▸ Directions: Only the pictures are to be dropped, and the rest of the data should be copied exactly.

▸ Collected data:
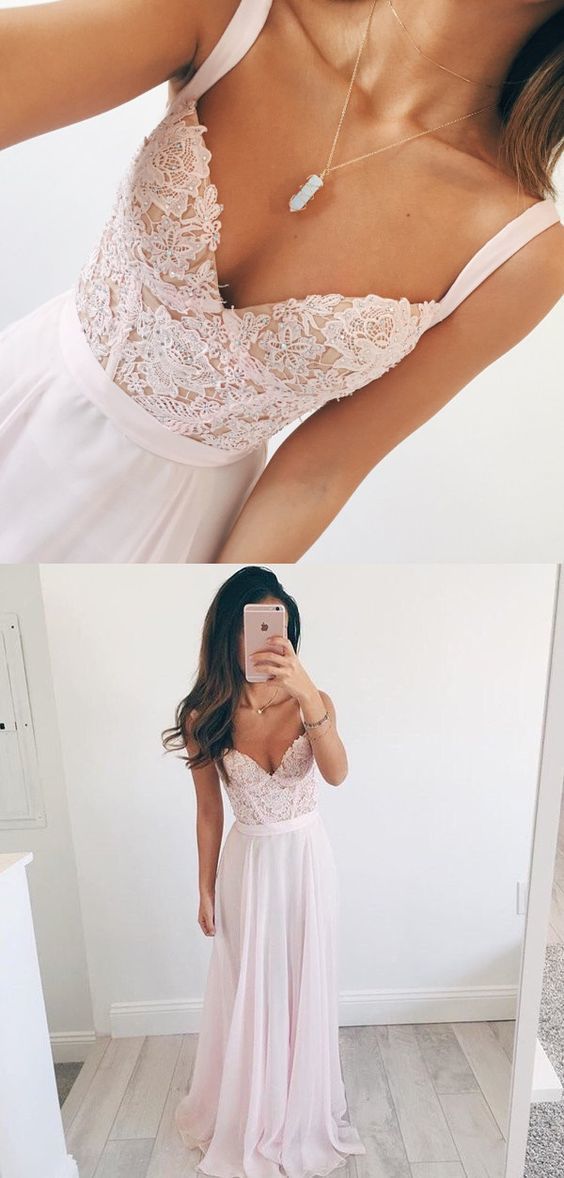 Elegant A-line V-neck Long Chiffon Pink Long Prom Dresses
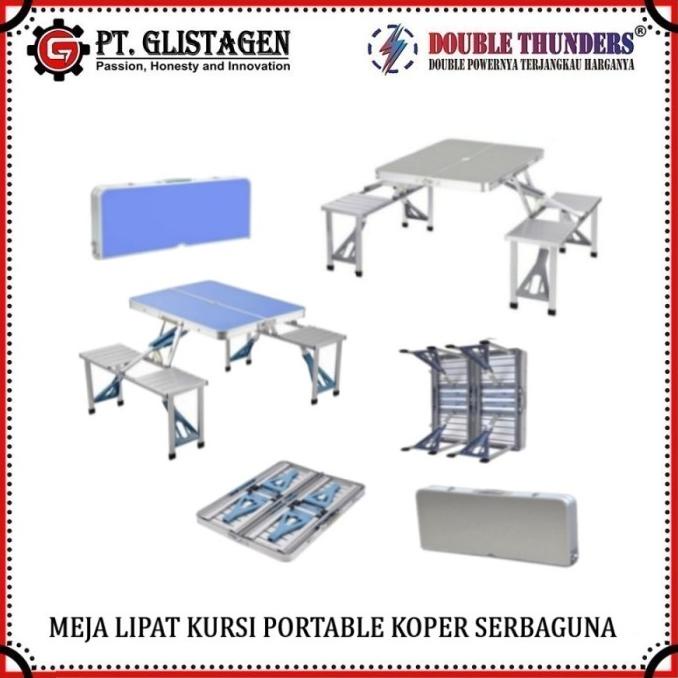 Sale Meja Kursi Lipat Piknik Aluminium Portable Koper Serbaguna Kaki Kotak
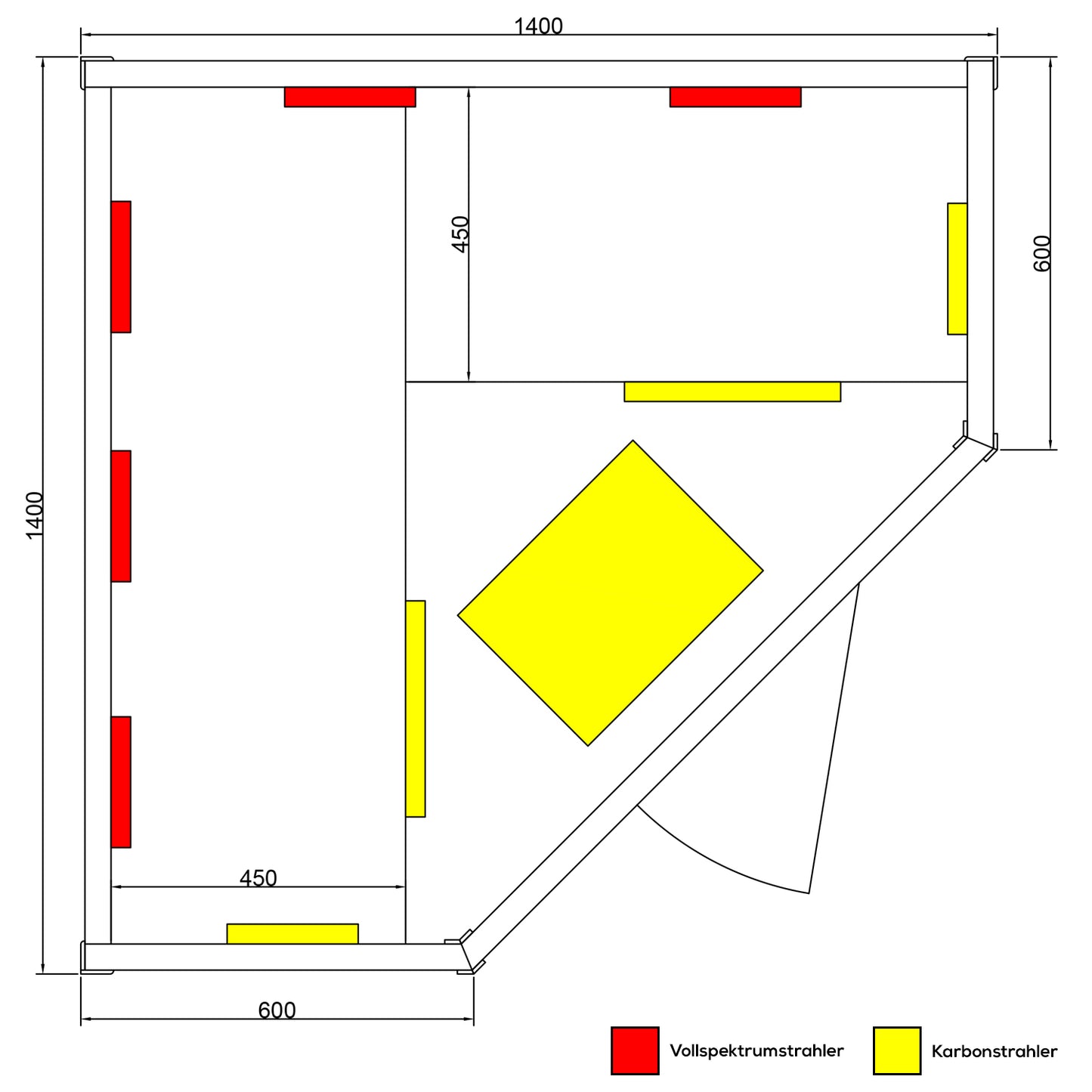 Dewello Infrarotkabine LAKEFIELD 140x140 Dual-Therm bei TroniTechnik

▸ The completed task:
 Elegant A-line V-neck Long Chiffon Pink Long Prom Dresses
 Sale Meja Kursi Lipat Piknik Aluminium Portable Koper Serbaguna Kaki Kotak
 Dewello Infrarotkabine LAKEFIELD 140x140 Dual-Therm bei TroniTechnik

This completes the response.